SAURO INCURANTE DEL CALDO E DI AGOSTO CI REGALA UNA SPLENDIDA MOSTRA SUL BRASILE, GRAZIE SAURO SASSI
UN COLTELLO NELLA CARNE DEL BRASILE. AL PAC DI MILANO
Il PAC
(Padiglione d’arte Contemporanea di Milano) fu inaugurato nel 1954 per ospitare la parte più recente
delle collezioni d’arte moderna comunali. Si decise di costruirlo in via Palestro, di fianco alla Villa Reale, che ospitava la parte
storica delle collezioni, nel luogo dove sorgevano le scuderie della villa,
distrutte dai bombardamenti della seconda guerra mondiale. Il progetto era
dell’architetto Ignazio Gardella, che realizzò una costruzione
molto pulita, razionale, luminosa, a ridosso dei giardini oggi intitolati a Indro Montanelli, adatta a svolgere
bene le sue funzioni di sede espositiva.
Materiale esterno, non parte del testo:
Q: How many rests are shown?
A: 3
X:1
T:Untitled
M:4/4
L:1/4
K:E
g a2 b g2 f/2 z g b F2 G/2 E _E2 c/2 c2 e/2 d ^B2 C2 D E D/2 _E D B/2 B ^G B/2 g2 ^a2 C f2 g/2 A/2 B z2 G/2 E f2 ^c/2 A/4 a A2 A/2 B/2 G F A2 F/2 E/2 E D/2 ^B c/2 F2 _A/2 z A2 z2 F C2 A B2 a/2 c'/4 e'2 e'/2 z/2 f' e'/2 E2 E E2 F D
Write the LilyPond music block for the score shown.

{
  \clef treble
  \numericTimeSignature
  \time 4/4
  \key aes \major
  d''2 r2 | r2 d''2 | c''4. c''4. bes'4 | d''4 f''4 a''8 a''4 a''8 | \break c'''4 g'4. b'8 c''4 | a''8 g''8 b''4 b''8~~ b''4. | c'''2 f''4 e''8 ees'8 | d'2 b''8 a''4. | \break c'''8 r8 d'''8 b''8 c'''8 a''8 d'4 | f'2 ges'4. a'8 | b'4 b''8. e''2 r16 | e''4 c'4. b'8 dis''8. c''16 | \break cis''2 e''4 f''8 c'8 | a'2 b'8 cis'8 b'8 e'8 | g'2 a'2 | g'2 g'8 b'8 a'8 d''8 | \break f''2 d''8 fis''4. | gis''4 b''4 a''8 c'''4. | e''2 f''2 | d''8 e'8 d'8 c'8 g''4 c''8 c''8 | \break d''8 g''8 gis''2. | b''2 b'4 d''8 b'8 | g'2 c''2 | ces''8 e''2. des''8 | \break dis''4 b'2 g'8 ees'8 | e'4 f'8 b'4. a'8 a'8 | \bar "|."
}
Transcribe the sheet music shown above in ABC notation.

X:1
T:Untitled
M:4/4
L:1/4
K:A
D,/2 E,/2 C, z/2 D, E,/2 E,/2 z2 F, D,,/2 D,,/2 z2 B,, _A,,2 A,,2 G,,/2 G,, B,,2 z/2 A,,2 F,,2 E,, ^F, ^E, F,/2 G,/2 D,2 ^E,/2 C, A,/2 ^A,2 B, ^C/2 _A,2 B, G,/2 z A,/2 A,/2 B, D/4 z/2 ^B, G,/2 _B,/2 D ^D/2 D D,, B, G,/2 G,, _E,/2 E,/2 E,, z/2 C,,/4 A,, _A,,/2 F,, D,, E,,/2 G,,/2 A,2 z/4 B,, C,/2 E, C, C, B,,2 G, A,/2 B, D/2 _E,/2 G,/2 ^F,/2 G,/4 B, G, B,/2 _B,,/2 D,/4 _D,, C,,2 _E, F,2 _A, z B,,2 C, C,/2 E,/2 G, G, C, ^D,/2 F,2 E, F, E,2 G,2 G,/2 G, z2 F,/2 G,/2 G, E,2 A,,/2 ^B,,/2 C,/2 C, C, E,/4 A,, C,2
A un certo punto si decise di trovare
un’altra collocazione per le collezioni e il PAC, dopo un periodo di chiusura e rifacimenti, riaprì nel 1979 con una attività rivolta ad
ospitare mostre temporanee, sempre dedicate all’arte contemporanea, con una
programmazione piuttosto discontinua e senza un preciso progetto espositivo.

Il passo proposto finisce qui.